The name "benchmarks game" signifies nothing more than the fact that programmers contribute programs that compete (but try to remain comparable) for fun not money.

It's what you make of it.

https://benchmarksgame-team.pages.debian.net/benchmarksgame/...

> Go programs are prohibited from doing certain optimizations that are permissible for C++ programs

Which programs? Which "certain optimizations"?

1 comments

That benchmarks game quote supports my point (not sure if you quoted it to contradict me or not?). As for prohibited optimizations, arena allocation is the one that comes to mind since it’s the standard way to avoid O(n) allocs.
> That benchmarks game quote supports my point…

As-long-as your point was not intended to be dismissive in any way.

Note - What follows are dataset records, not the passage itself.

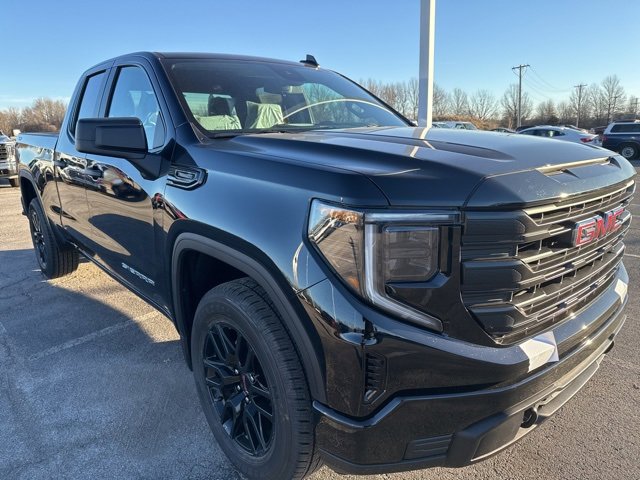 2026 GMC Sierra Base's photo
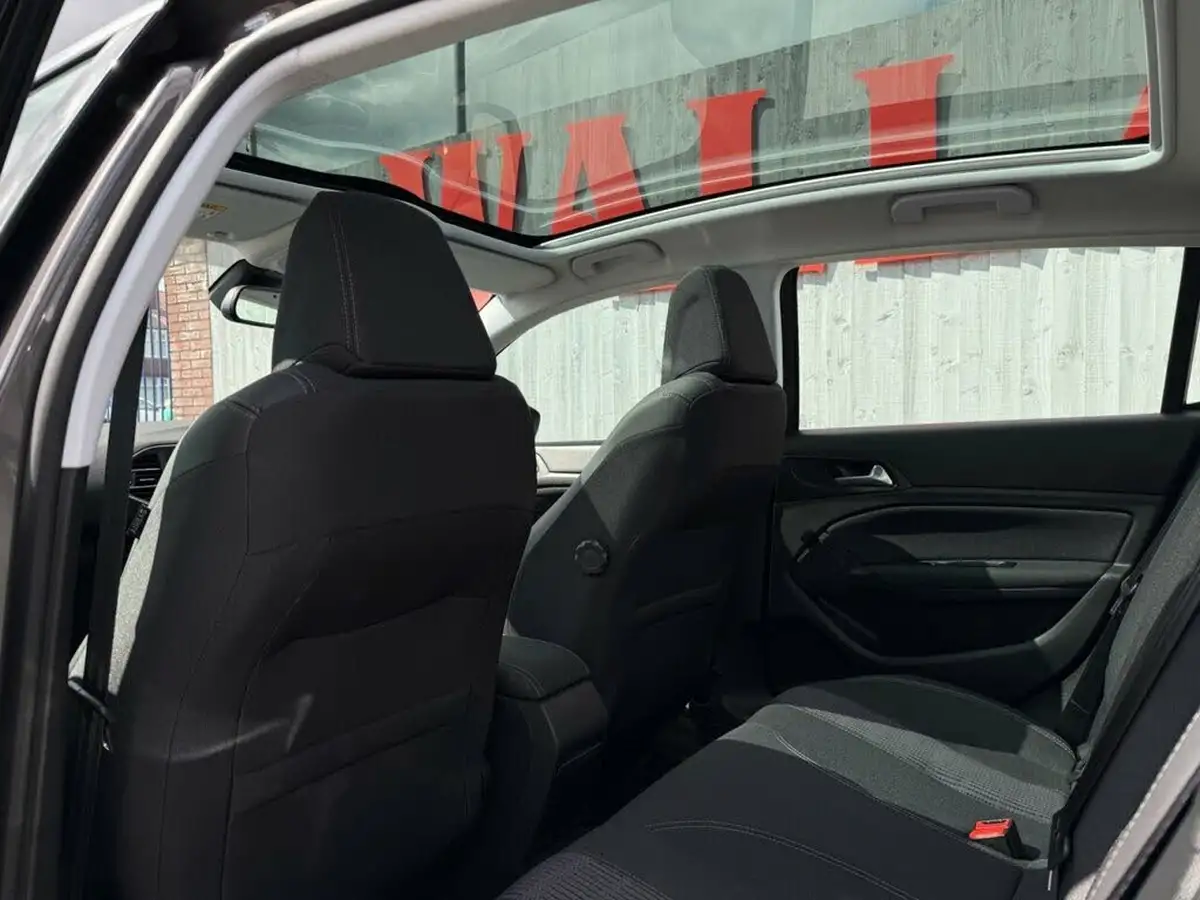 2020-peugeot-308-12-puretech-allure-130bhp-big-43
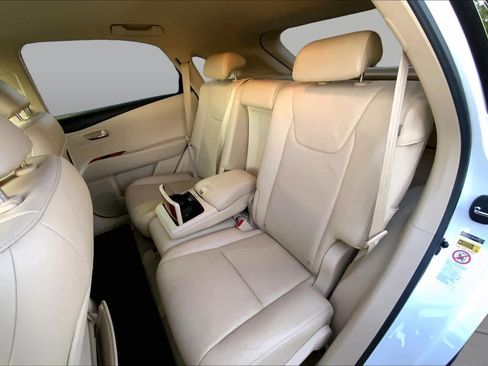 Used 2010 Lexus RX 350 2WD image 18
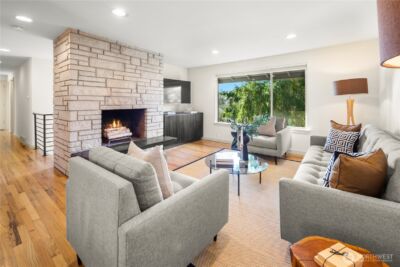 3808 38th Avenue S, Seattle, WA 98118 - Photo 2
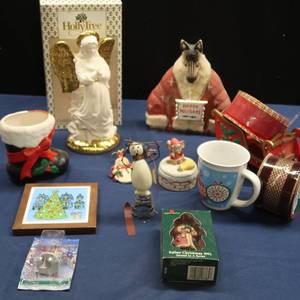 lot 53 image: MISCELLANEOUS CHRISTMAS LOT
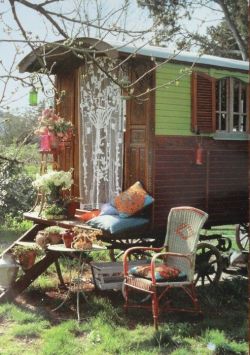 daisy-ddaze:  Hippie Shacks & Dread Locks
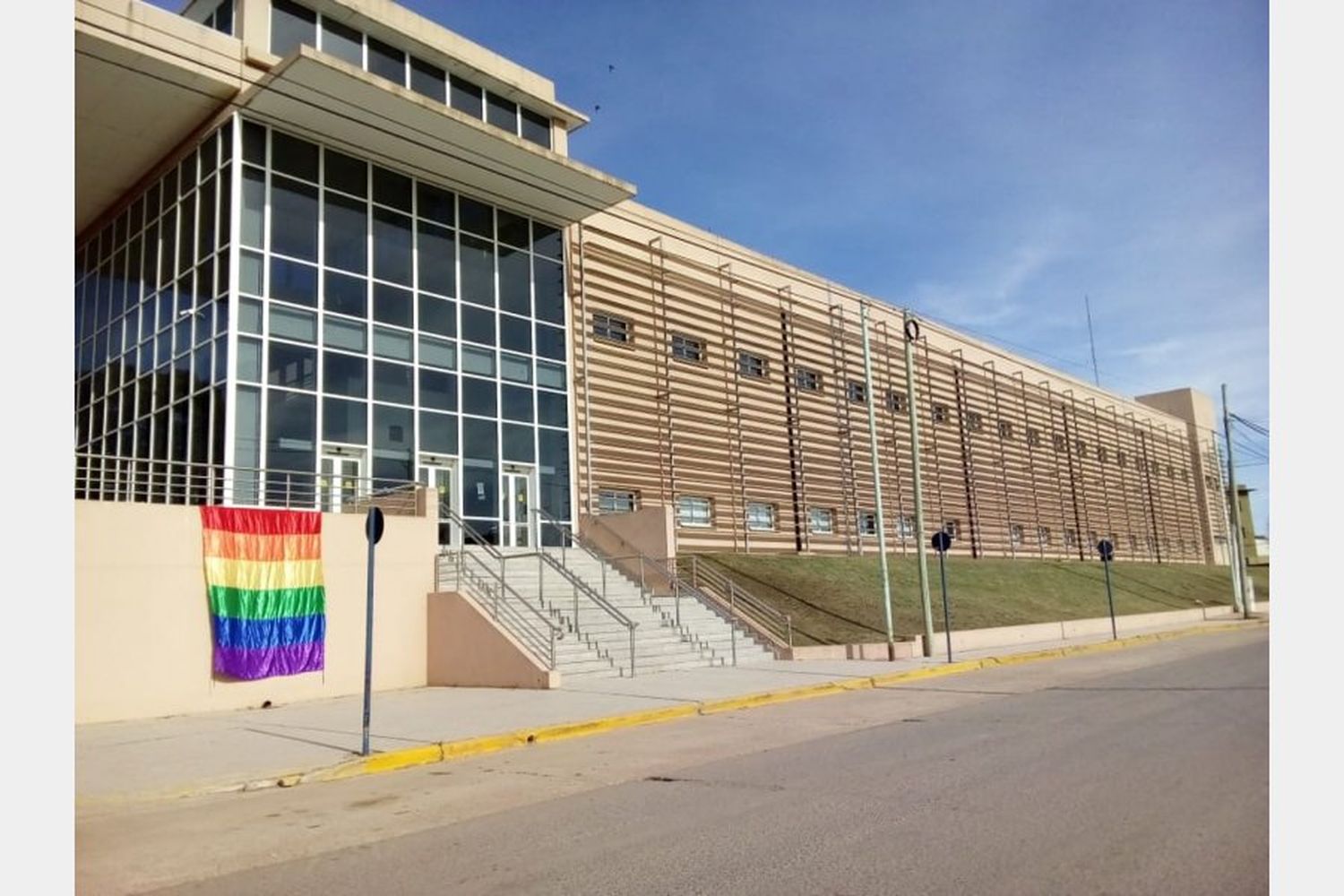 El Hospital se sumó en el Día Internacional del Orgullo LGBTTTIQ+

> prohibited optimizations

Go programs are not prohibited from using arena allocation provided by a generally available library — that is what the C++ programs do.

Unfortunately there doesn't seem to be a generally available Go library that provides arena allocation. Of course, Go does provide GC.

It is dismissive of the idea that the game can tell you meaningful things about a programming language’s average or percentile performance or even its peak performance.

> Go programs are not prohibited...

Right, and this is why the Go benchmarks for allocations aren’t very meaningful. Using arenas (or other kinds of preallocation) is a common optimization in Go even if Go doesn’t have a library for it.

I’m sure you’re well aware of all of this since you evidently contributed to these benchmarks, but for other readers, here’s a good thread about why these benchmarks aren’t meaningful.

Where did you get the idea that 10 tiny tiny programs could tell you about a programming language’s average performance?

Who in this discussion has made any such a claim?

You repeatedly put up a straw man.

Im not sure why you’re confused. ilovecaching made claims about the relative performance of programming languages based on the benchmark game.
ilovecaching responded to your claim that — [Go's] performance is closer to Java — by posting links to pages on the benchmarks game website.

ilovecaching pointed to the performance of specific Go and Java programs

Now you have put up a straw man — "a programming language’s average or percentile performance or even its peak performance."